Elected officials, veterans leaders and the Parks Department unveiled the schematic design for the Vietnam Veterans Memorial in Elmhurst Park last Friday.
The $2.85 million project is set to begin construction next fall and be completed by fall 2019.
Parks Commissioner Mitchell Silver said the memorial will honor those who gave their lives in service of the country.
“Monuments serve their communities best when they provide a space to gather to remember, reflect and discuss,” Silver said. “This monument is designed to offer neighbors an attractive public space for remembrance, contemplation and repose within this vibrant community park.”
The memorial will feature two semicircular granite walls, one of which will list the names of more than 400 people from Queens who died in the Vietnam War. It will also have a brief timeline of the war and a map of key locations that Silver hopes will be educational for future generations.

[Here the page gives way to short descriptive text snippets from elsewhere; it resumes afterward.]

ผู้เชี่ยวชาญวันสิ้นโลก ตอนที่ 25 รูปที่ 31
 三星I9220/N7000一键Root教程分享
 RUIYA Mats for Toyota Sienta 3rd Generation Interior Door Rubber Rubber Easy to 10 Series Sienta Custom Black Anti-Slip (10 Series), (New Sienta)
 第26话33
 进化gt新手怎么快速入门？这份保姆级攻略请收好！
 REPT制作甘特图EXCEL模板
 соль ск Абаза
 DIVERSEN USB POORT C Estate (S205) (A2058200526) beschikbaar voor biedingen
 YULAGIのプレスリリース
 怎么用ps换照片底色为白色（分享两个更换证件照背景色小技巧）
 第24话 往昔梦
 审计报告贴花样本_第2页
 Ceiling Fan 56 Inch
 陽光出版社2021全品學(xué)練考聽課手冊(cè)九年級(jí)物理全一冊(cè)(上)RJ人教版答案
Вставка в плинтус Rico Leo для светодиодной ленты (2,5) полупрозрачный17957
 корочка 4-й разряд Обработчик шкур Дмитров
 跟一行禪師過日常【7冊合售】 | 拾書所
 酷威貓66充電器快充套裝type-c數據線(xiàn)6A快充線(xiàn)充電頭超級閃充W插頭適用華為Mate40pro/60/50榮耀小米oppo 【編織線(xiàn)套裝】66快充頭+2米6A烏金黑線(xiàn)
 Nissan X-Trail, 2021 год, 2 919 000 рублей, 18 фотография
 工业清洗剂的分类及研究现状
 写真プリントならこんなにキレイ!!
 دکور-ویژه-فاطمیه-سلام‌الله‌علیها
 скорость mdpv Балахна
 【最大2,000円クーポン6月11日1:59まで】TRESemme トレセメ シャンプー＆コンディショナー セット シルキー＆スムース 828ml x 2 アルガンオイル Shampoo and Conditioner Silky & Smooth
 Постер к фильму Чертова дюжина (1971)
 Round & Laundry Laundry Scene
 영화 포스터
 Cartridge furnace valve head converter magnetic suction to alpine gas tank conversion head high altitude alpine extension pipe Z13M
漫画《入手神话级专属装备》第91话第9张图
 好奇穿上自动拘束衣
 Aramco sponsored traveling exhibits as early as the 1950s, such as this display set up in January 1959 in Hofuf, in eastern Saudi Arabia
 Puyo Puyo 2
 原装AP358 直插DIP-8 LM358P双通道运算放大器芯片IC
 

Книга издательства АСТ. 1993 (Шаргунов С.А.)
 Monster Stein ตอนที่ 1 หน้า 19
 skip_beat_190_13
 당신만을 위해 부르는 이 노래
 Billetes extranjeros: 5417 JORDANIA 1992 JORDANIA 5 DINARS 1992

The other wall will have the name of the memorial, the five crests of the military and the Vietnam Service Medal.
Between the walls will be a curved bench for park visitors. The flag pole and monuments will light up at night.
“New Yorkers have an emotional connection with their parks,” Silver said, “so it is fitting for us now to build a space where we can come together and remember our nation’s heroes.”
Borough President Melinda Katz’s office gave a total of $2.3 million to the project, which she first funded back in 2007, when she was still a member of the City Council.
“It went from a $500,000 project to now a $2.85 million project, and worth every single dime,” she said. “If it needs more, it will have more money to be completed.”
The borough president said she felt especially proud knowing that the community, particularly Vietnam Veterans of America Chapter 32, fought for nearly a decade for the memorial. Soon, she said, more than 400 of the Vietnam War’s fallen will be permanently memorialized in Queens.
“They should’ve been [memorialized] a long time ago when they came home,” Katz said. “Now, they’re going to get some recognition for their families and brothers and sisters-in-arms.”
Katz said the borough needs to show Vietnam veterans that they’re cared for and never forgotten.
“So many of the guys who went to Vietnam came back to not even being welcomed back into this country. We should never forget that,” said Councilman Daniel Dromm. “They deserved to be praised, to be honored, to be admired, to be held up as heroes for responding to the call for duty to our country.”
Dromm said he sees the impending memorial as a way to heal. It’s also about making sure the next generation of young people will remember the Vietnam War’s veterans, he said.
“Having this memorial here is a way to educate those children about the struggles of our country at that time,” he said.
Elected officials and veteran leaders also paid tribute to the late Pat Toro, a longtime veterans advocate and former president of Chapter 32 who passed away in 2014 from leukemia caused by exposure to Agent Orange during the war.
Toro was one of the strongest advocates pushing for the memorial.
“Pat worked tirelessly to make sure that one day, we would come here and unveil a design that will never forget the sacrifice of our Vietnam veterans from Queens,” said Councilwoman Elizabeth Crowley, who recounted meeting Toro when she was first elected. “He made that commitment to not only Vietnam veterans who were here, but to new returning veterans.
Michael O’Kane, current president of Chapter 32, said in 2008 Toro dreamed up the memorial. He would “shop it around” and talked to everybody about this idea.
“Never again shall one generation of veterans abandon another, that’s Vietnam Veterans of America’s founding principal,” O’Kane said. “If the creation of this monument is not the absolute embodiment of that, I don’t know what is.
“It’s here, it’s right, it’s just, it’s time,” he added. “We got it done.”
In May of 2016, James McClelland was honored by Chapter 32 for his nearly decade of work on the monument, a project that finally started to pick up steam in 2015 after seven years of being mired in bureaucratic red tape.
“I'm happy that this project will finally become a reality, and want to thank the borough president for funding it and the Parks design team for their work,” said McClelland.
“This is more than a memorial, it's a thank you to the Vietnam vets who paved the way for a future generation of vets like myself,” he added. “As well as the fulfillment of a promise to a dear friend in Pat Toro, who will unfortunately not be around for the ribbon cutting.”